# Is the 2010 CAAD9 5 worth $250 more than the 09?



## osmiumtiger (Oct 18, 2009)

I'd like to get a CAAD9 5, but I'm not sure which year I should get.
I found an 09 at a LBS for $1250 in my size. The 10 model is $1500. 

2009: http://www.cannondale.com/bikes/09/cusa/model-9RA95D_9RA95C.html
2010: http://www3.cannondale.com/bikes/10/cusa/model-0RA95D_0RA95C.html

Is the 2010 model worth the extra money? If you think I should get the 09, do you think that the price is good?

Thanks in advance for your help.


----------



## Guest (Oct 18, 2009)

If the improvement in the fork and BB30 are worth it to you then I'd say go for the 2010. I think I would tend to lean that way.


----------



## asad137 (Jul 29, 2009)

The two big differences (besides color schemes) are that the 2010 has a a) full carbon fork, and b) BB30 crank. Both make the 2010 bike lighter, maybe by half a pound or so? Only you can decide whether that's worth it to you.

That is not a great price on the '09, IMO. My LBS (which is admittedly a fairly large Cannondale dealer) offered me an '09 Six-5 (Aluminum main triangle, carbon stays, with an MSRP of $1760, I believe) for $1250. Now, the CAAD9 is probably more popular than the Six was, but you should be able to get a bigger discount than what your LBS is offering if you decide to go with the '09 -- My LBS was selling '09 CAAD9-5's for $1300 before the 2010's came in.

Asad


----------



## zamboni (Sep 11, 2003)

Pay the extra and go with 10 model, it's worth it.


----------



## Zachariah (Jan 29, 2009)

Actually, the 2010 CAAD 9-4 is almost ONE pound lighter, than the 2009 variant. I was lucky enough to score a full carbon Slice Si fork, for my 2009 non-BB30 CAAD 9 and removed an easy half pound right there.


----------



## zamboni (Sep 11, 2003)

Zachariah said:


> Actually, the 2010 CAAD 9-4 is almost ONE pound lighter, than the 2009 variant.

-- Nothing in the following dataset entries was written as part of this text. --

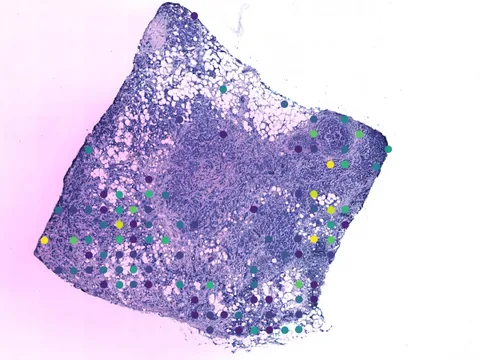 Human breast preview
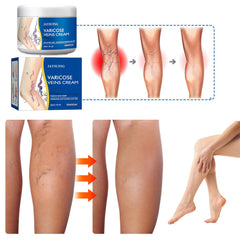 Yetary crema venas piernas, textura cremosa suave para nutrir la piel.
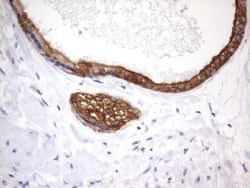 Acidic Cytokeratin Rat anti-Human, Clone: OTI8F5, liquid, TrueMAB 100 &mu;L;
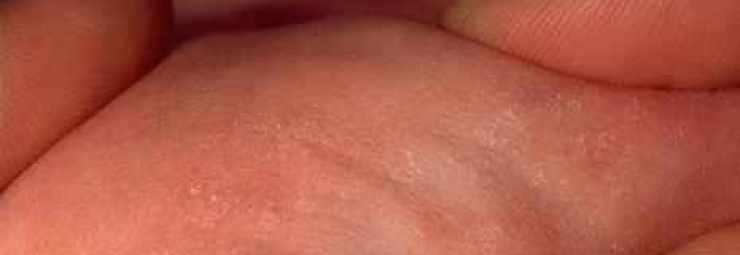 التصلب الدهني تحت الجلد الوليدي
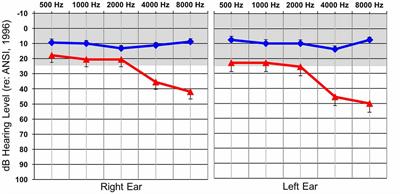 Somatosensory Cross-Modal Reorganization in Adults With Age-Related, Early-Stage Hearing Loss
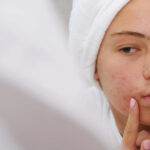 Acne Scar Removal in Dubai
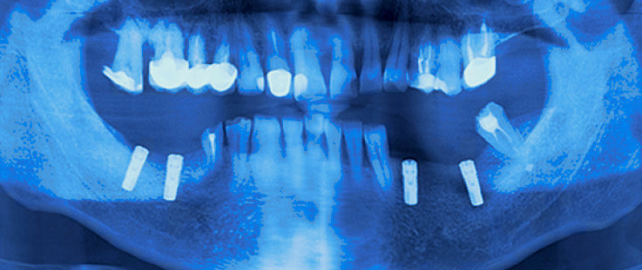 Результаты клинического использования дентальных имплантатов с модифицированной биоактивной поверхностью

I was lucky enough to score a full carbon Slice Si fork, for my 2009 non-BB30 CAAD 9 and removed an easy half pound right there.

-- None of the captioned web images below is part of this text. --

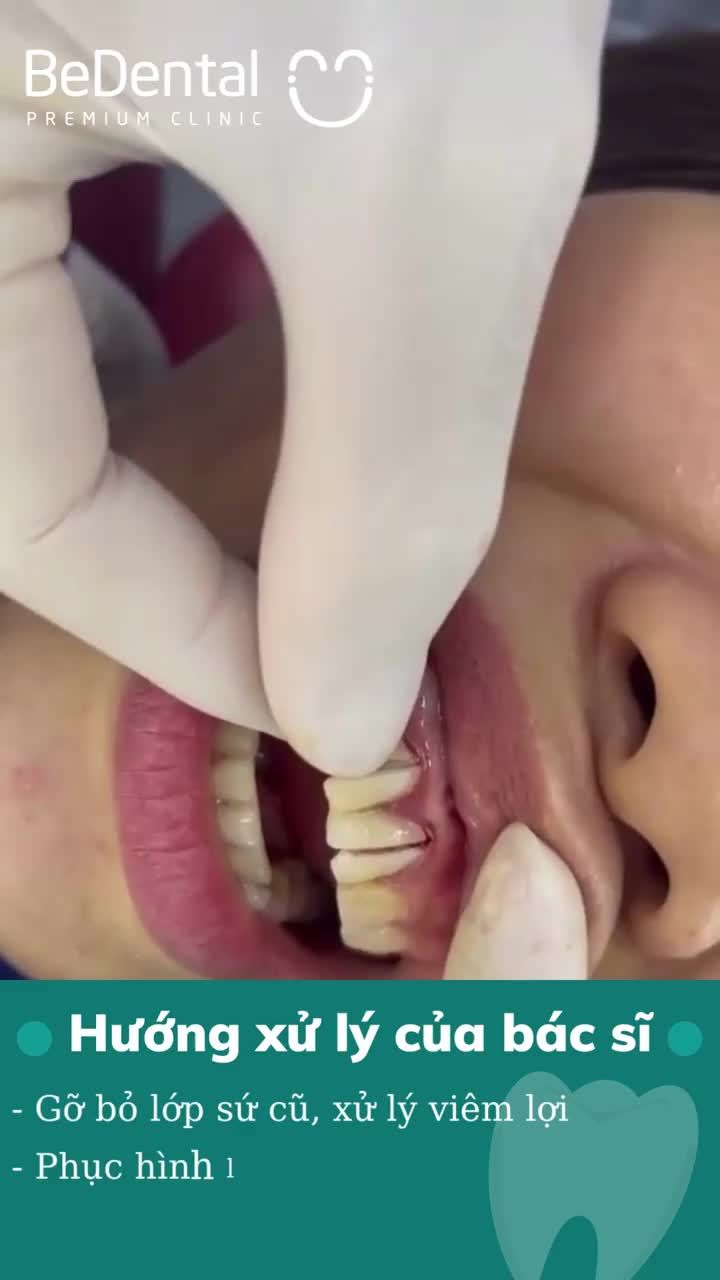 Chị khách hàng được người quen giới thiệu đến Nha khoa Bedental phục hình thẩm mỹ 16 răng sứ Đức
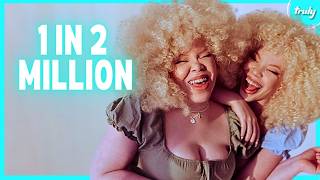 Identical Twins With Albinism Are 1 In 2 Million  BORN DIFFERENT [upl. by Blaine]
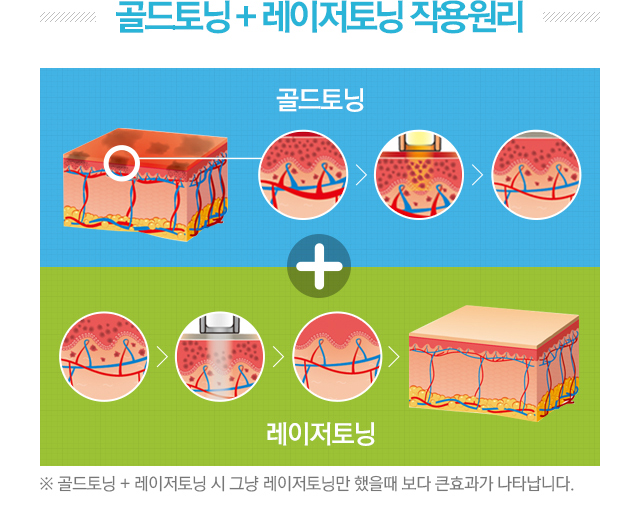 골드토닝+레이저토닝 작용원리. 골드토닝+레이저토닝 시 그냥 레이저토닝만 했을때보다 큰 효과가 나타납니다.
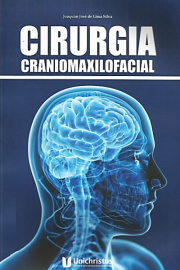 Cirurgia Craniomaxilofacial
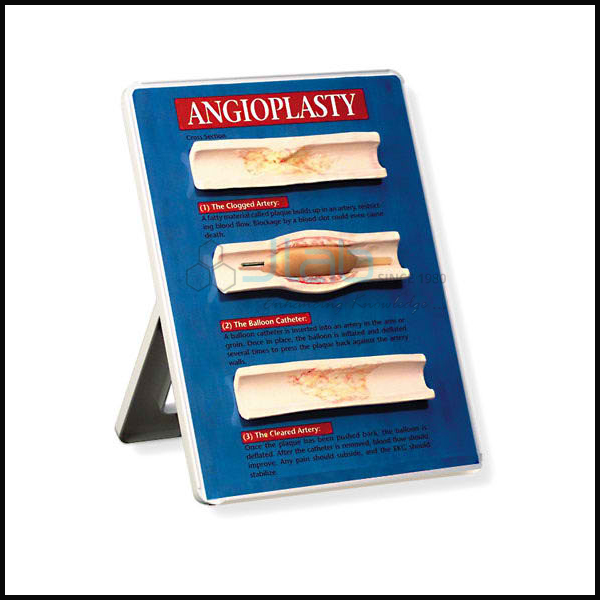 Balloon Angioplasty Models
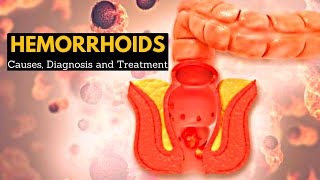 Hemorrhoids or Piles CausesSigns and symptoms Diagnosis and Treatment [upl. by Varden]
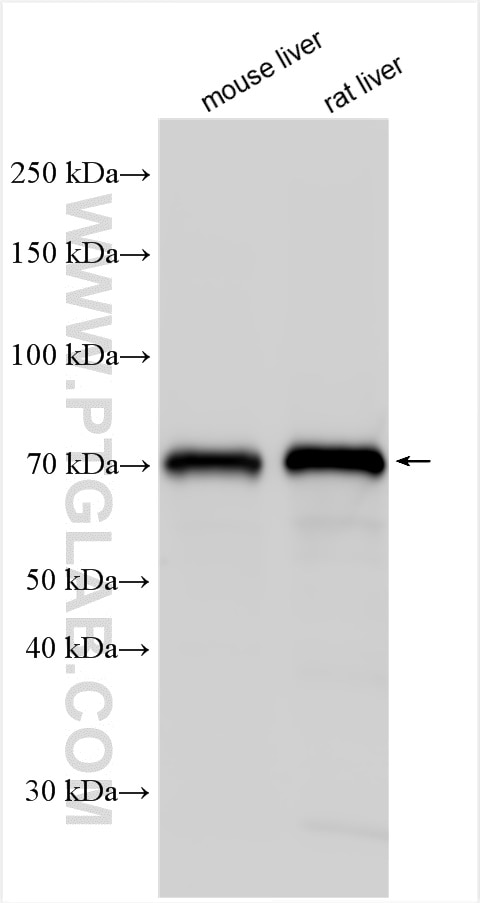 Western Blot (WB) analysis of various lysates using ACSL5 Polyclonal antibody (15708-1-AP)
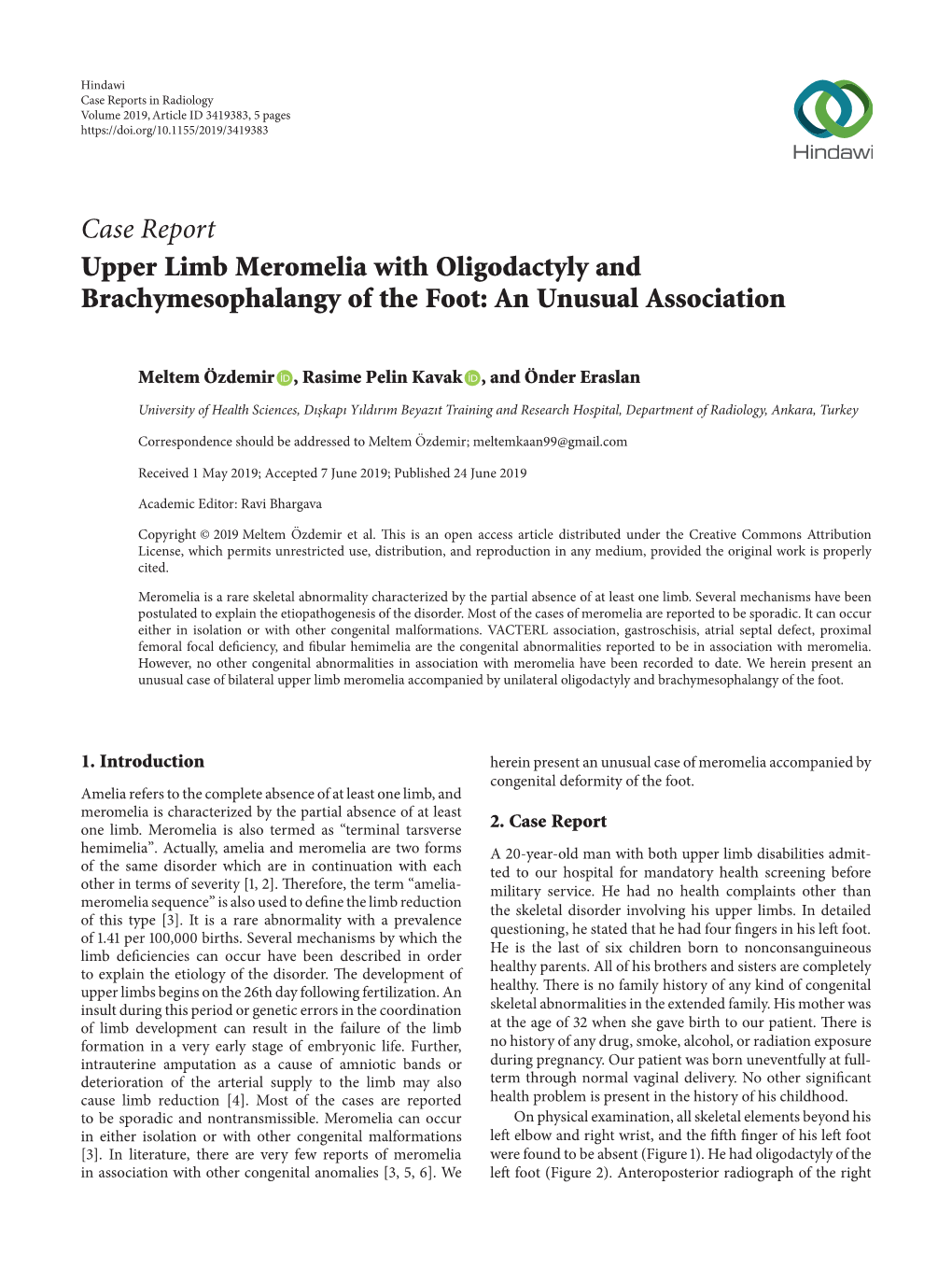 Case Report Upper Limb Meromelia with Oligodactyly and Brachymesophalangy of the Foot: an Unusual Association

Here is my caad 9 with Campy flatbar setup and I was able to located this full carbon fork.


----------



## asad137 (Jul 29, 2009)

Zachariah said:


> Actually, the 2010 CAAD 9-4 is almost ONE pound lighter than the 2009 variant.


There was no 2009 CAAD9-4 

Some of the weight savings of the 4 over the 5 come from the SRAM groupset.

Asad


----------



## Hank Stamper (Sep 9, 2009)

It does appear to be well worth $250. There's the fork and BB30 (not that I really know BB30 would make a difference but those more informed than I seem to agree it's a good thing), and although they are more personal preference items and not necessarily "better" for everyone, the tires and saddle are probably better too.

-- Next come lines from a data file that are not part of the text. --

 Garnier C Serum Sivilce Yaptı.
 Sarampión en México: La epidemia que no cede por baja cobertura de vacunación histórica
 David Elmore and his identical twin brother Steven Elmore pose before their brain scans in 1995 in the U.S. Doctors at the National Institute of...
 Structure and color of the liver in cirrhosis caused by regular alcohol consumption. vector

That being said just because those things are a good buy for $250 doesn't really prove that a rider would noticed the difference and $250 in your pocket would really help towards an eventual wheel upgrade where you'd certainly get some improvement.

I have the 09 and am really happy with it and it's not as if I find myself wishing I had a better fork or BB30......but still over the long run $250 is borderline insignificant with this hobbie so if deciding today I'd get the 10.
Good luck....If the fit's right I'm sure you'll be happy either way.


----------